* _ACTIVITY_: If an entry holds a picture, leave that picture out. Give everything else again exactly.

□ □ □

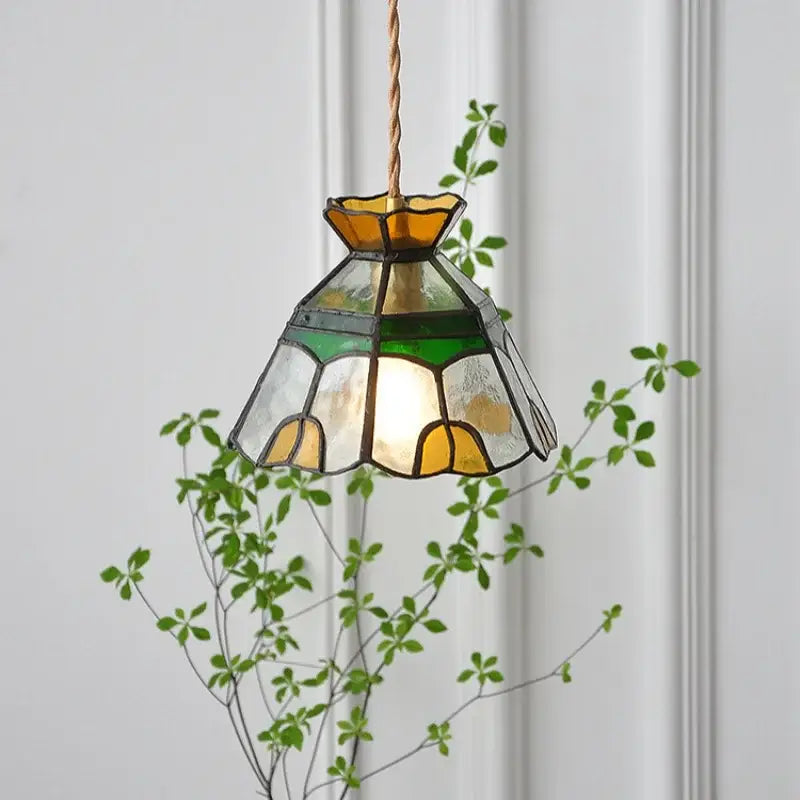 Green Glass Brass Pendant Lamp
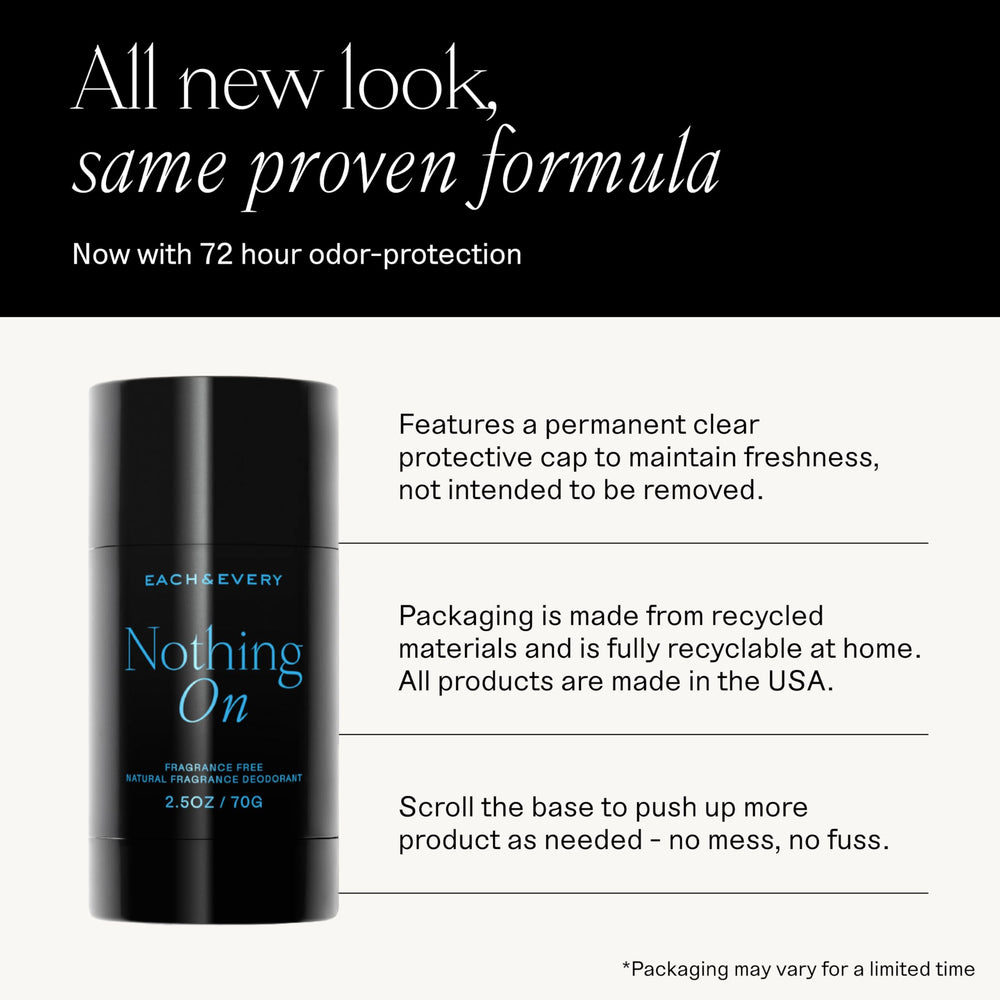 Each & Every recyclable packaging highlights eco-friendly deodorant packaging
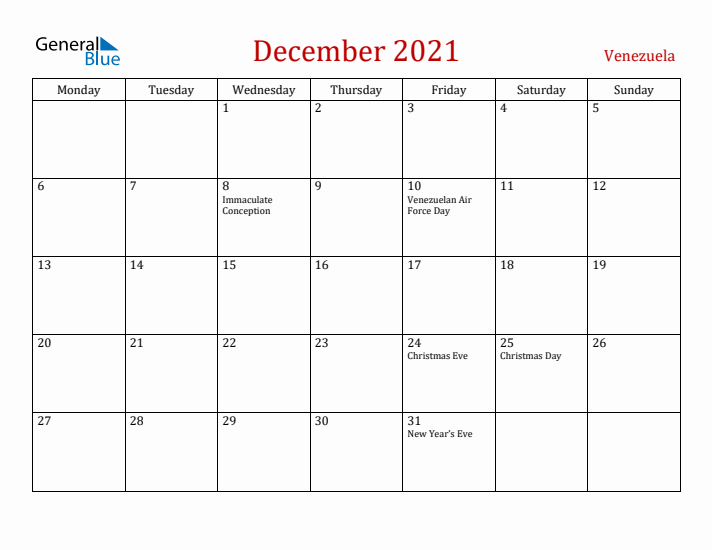 Venezuela December 2021 Calendar - Monday Start
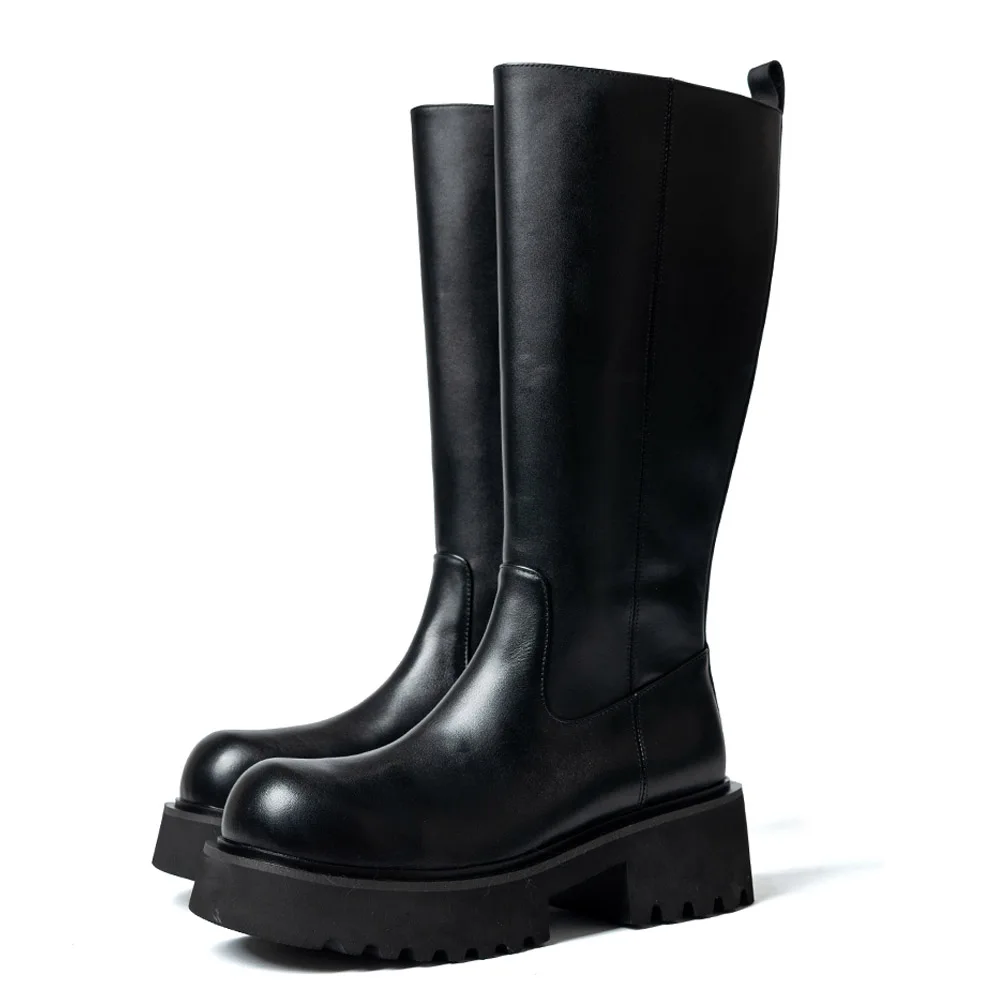 2025Fashion British Style Cow Genuine Leather Motorcycle Boots Platform Mid-calf Modern Riding Boots Slip on Mid Heel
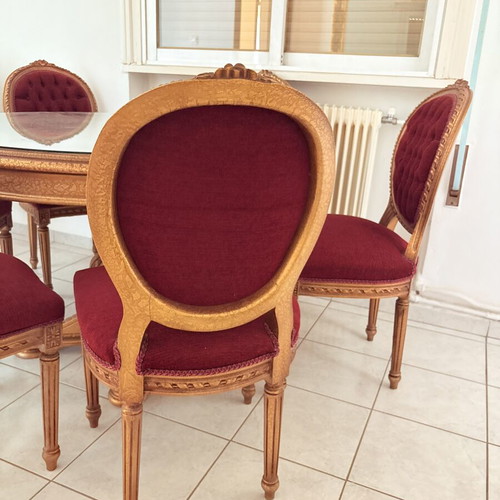 Vintage dining set round table with 6 velvet chairs Louis style like new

□ □ □

* _SOLVED PROBLEM_:
 Green Glass Brass Pendant Lamp
 Each & Every recyclable packaging highlights eco-friendly deodorant packaging
 Venezuela December 2021 Calendar - Monday Start
 2025Fashion British Style Cow Genuine Leather Motorcycle Boots Platform Mid-calf Modern Riding Boots Slip on Mid Heel
 Vintage dining set round table with 6 velvet chairs Louis style like new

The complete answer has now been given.